Chi hanno di fronte? Le fondazioni, che hanno svolto un ruolo fondamentale nell’evoluzione del sistema bancario italiano nella fase delle privatizzazioni e poi in quella delle concentrazioni. Ancora oggi hanno posizioni rilevanti, anche superiori al loro peso nel capitale in Unicredit per esempio tutte insieme le fondazioni azioniste hanno poco più dell’11 per cento perché rappresentano la componente italiana e stabile dell’azionariato. La novità però è che quell’aggettivo “stabile” non sembra più essere così sicuro. Il rapporto tra fondazioni e banche per funzionare e durare nel tempo ha bisogno di essere oliato costantemente dalla redditività elevata dell’investimento delle prime nelle seconde, come è stato fino al 2007. Ebbene questa redditività elevata molto probabilmente nei prossimi anni non ci sarà e le fondazioni, la cui missione è investire nella maniera più sicura e redditizia il proprio patrimonio per riversare poi i proventi sui territori di competenza, non potranno non essere costrette a valutare se l’investimento nelle banche sarà compatibile con la loro missione e sostenibile nel medio periodo.
Aggiungiamo le inopportune e a volte quasi volgari intrusioni politiche che portano acqua al mulino di chi spinge perché le fondazioni escano dal capitale degli istituti di credito al più presto e comunque ne indeboliscono l’immagine e anche la forza.

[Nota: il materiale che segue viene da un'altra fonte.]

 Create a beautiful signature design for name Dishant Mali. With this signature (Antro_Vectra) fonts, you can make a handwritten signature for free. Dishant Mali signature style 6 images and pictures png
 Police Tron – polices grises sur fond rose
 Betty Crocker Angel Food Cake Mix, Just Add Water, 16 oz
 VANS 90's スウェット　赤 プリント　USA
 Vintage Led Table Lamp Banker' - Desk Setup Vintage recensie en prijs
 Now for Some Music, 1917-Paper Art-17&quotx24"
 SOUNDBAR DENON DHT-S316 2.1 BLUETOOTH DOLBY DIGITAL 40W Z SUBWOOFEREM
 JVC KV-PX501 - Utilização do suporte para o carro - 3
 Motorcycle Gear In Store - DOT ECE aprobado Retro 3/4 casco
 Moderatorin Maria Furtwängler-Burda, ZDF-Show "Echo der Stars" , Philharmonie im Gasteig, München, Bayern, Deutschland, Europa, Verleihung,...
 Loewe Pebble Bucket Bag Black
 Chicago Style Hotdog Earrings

Alla fine tuttavia quello che conterà saranno i numeri e in particolare quanto le fondazioni incasseranno e quanto saranno di conseguenza in grado di erogare. Stando alle previsioni sulla magra redditività delle azioni bancarie nei prossimi anni è possibile ipotizzare che il ruolo delle fondazioni azioniste sia destinato a ridimensionarsi.
Se così è, le fondazioni stanno facendo una battaglia di retroguardia, e i vociferanti sindaci e presidenti di regione che stanno loro dietro ancora di più, perché presto si accorgeranno da una parte che con tutte le loro pressioni non saranno in grado di condizionare l’allocazione del credito e, dall’altra, che per i loro elettori e per l’economia del territorio la capacità di erogazione delle fondazioni è un fattore assai importante.
Non è difficile immaginare, se guardiamo a Unicredit come quello che è, ovvero una grande banca internazionale, quale sarebbe l’esito di un confronto tra il sistema tedesco e il sindaco Tosi di Verona e il suo rappresentante Biasi al vertice della Fondazione Cariverona o qualsiasi altro dei suoi colleghi. A chi pensiamo che alla fine risponda il vertice di una grande banca europea che vuole continuare ad essere tale? Se poi non volesse continuare ad essere tale per ridiventare provinciale, per i tedeschi sarebbe una vittoria doppia e per l’Italia una doppia sconfitta.
Naturalmente non è finita qui, perché Unicredit, benché Profumo abbia in parte voluta tenerla fuori, è parte integrante del sistema di potere italiano, se non altro per quella sua partecipazione del 9 per cento in Mediobanca che a sua volta è l’azionista di riferimento delle Generali. Il presidente di Unicredit, Dieter Rampl, ha assicurato che quella partecipazione non sarà ceduta. Gli si può credere, almeno per il momento, Ma come sarà usata? Lo spostamento di Cesare Geronzi dal vertice di Mediobanca a quello delle Generali è troppo recente per aver già dato dei frutti, ma c’è da scommettere che ne darà. E tutto ciò mentre il finanziere francese Vincent Bolloré aumenta la sua quota in Mediobanca e annuncia di voler fare altrettanto in Generali.
L’Italia è piena di abilissimi tattici, di fenomenali galleggiatori, ma stiamo attenti, potremmo scoprire che i grandi giochi si fanno sopra la nostra testa e di non essere i protagonisti di ciò che accade in casa nostra.